_WHAT YOU ARE ASKED TO DO_:
Images don't belong in the copy. Output the rest of the data exactly.

_RECORDED DATA_:
Content starts

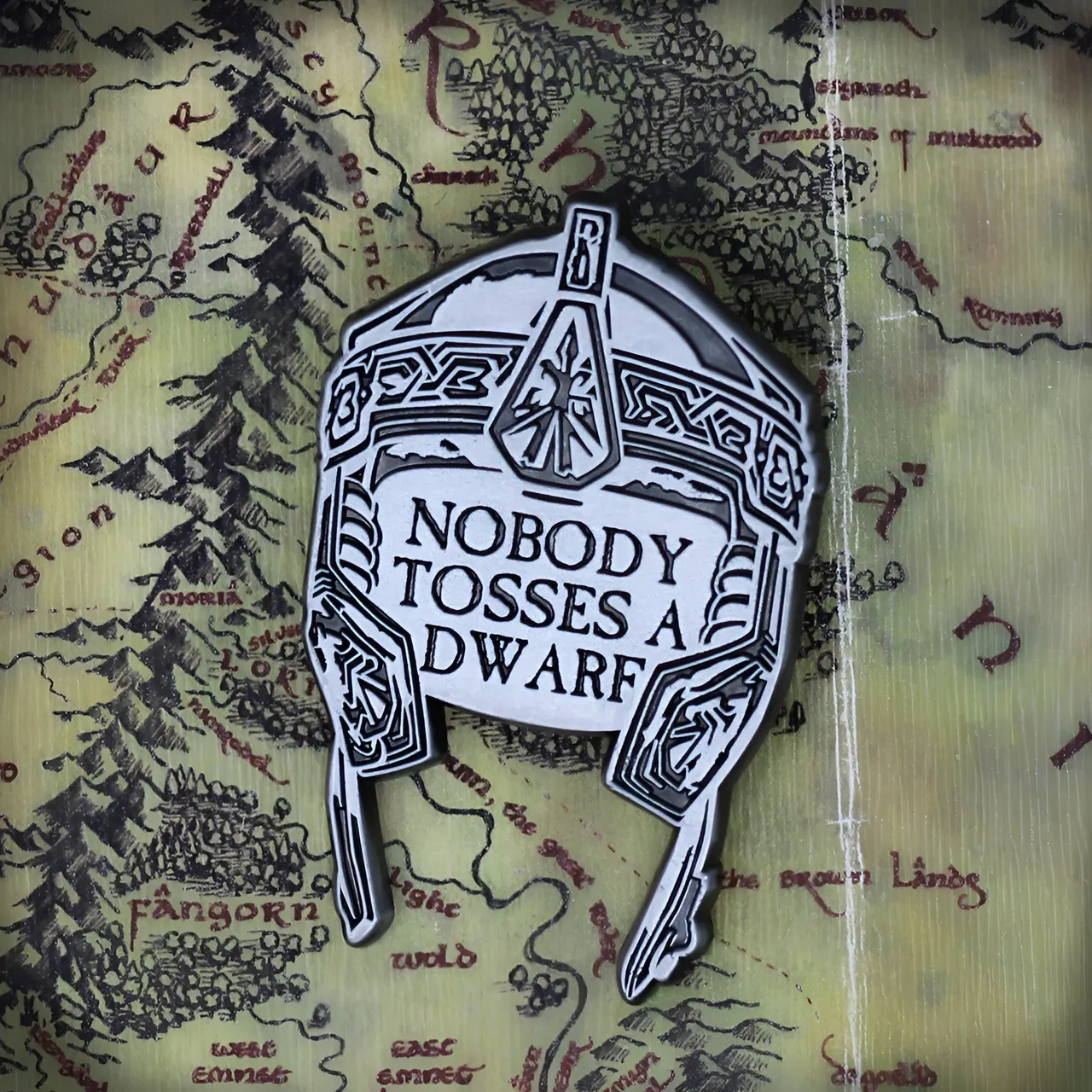 Weta Collictibles Gimli Helmet Pin Badge – Limited Edition - Image 5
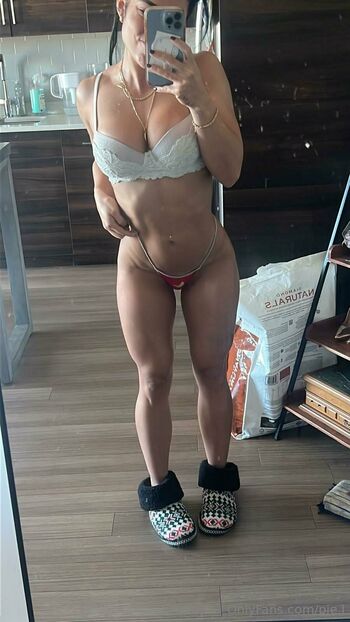 Pie L nude photo #22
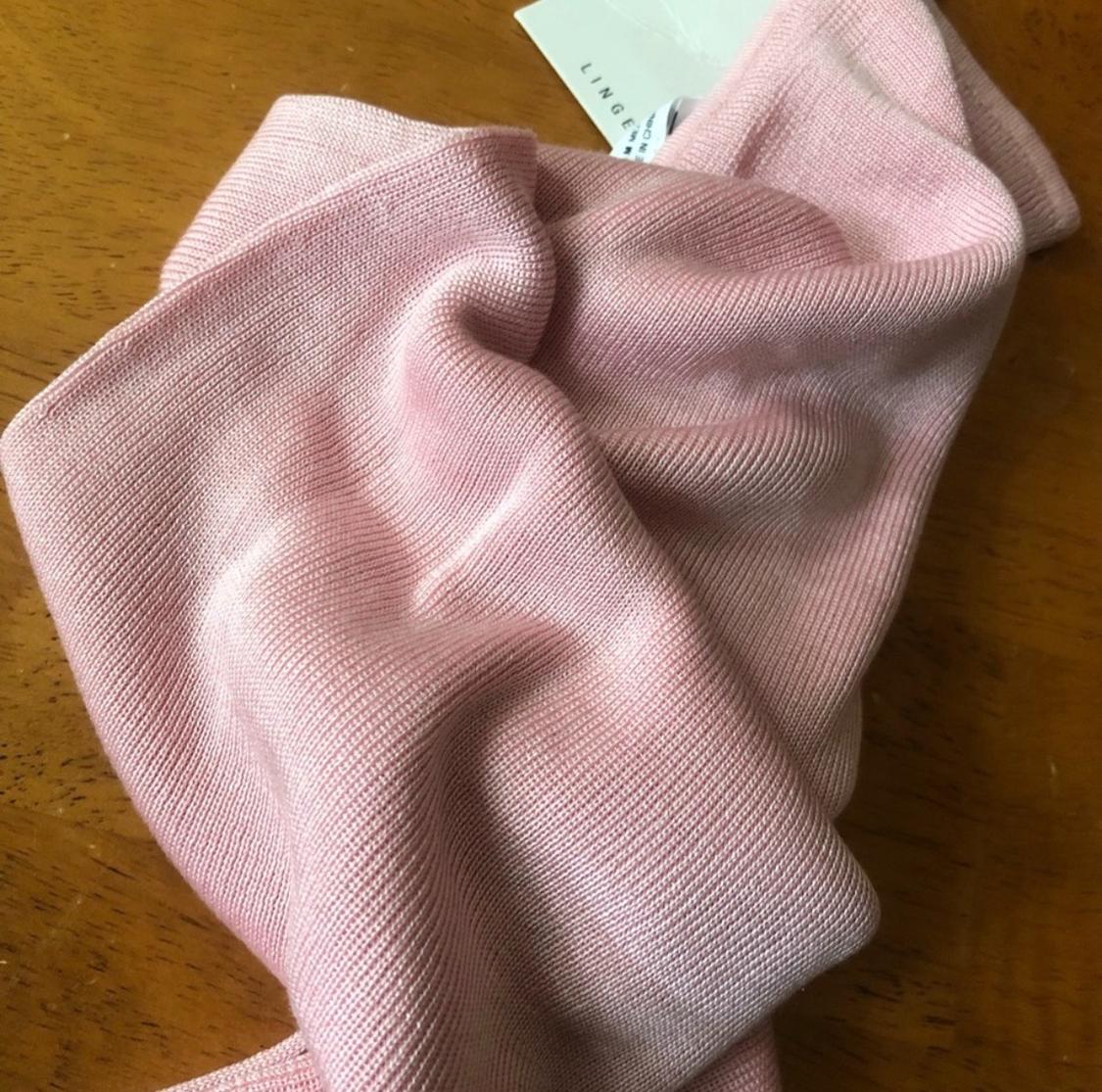 SEAMLESS 100% SILK TOP - Image 4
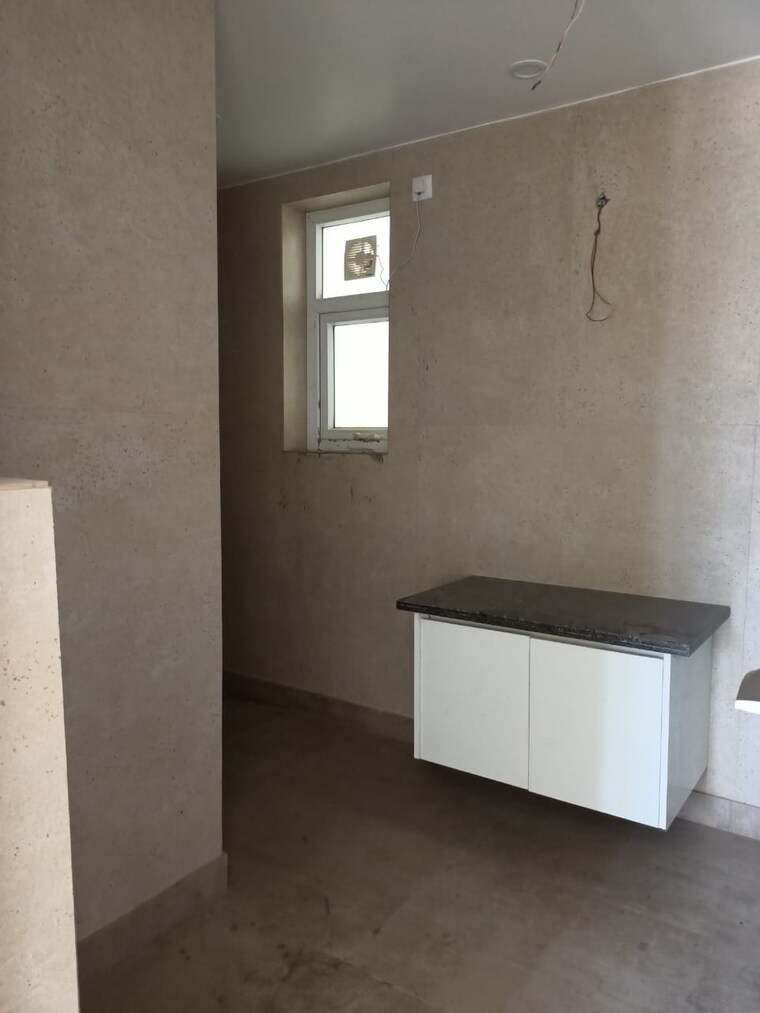 Room, emaar-mgf-emerald-hills 4 Bedroom 3200 Sq.Ft. Apartment In Sector 65 Gurgaon 10430242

Content ends

_EXPECTED ANSWER_:
 Weta Collictibles Gimli Helmet Pin Badge – Limited Edition - Image 5
 Pie L nude photo #22
 SEAMLESS 100% SILK TOP - Image 4
 Room, emaar-mgf-emerald-hills 4 Bedroom 3200 Sq.Ft. Apartment In Sector 65 Gurgaon 10430242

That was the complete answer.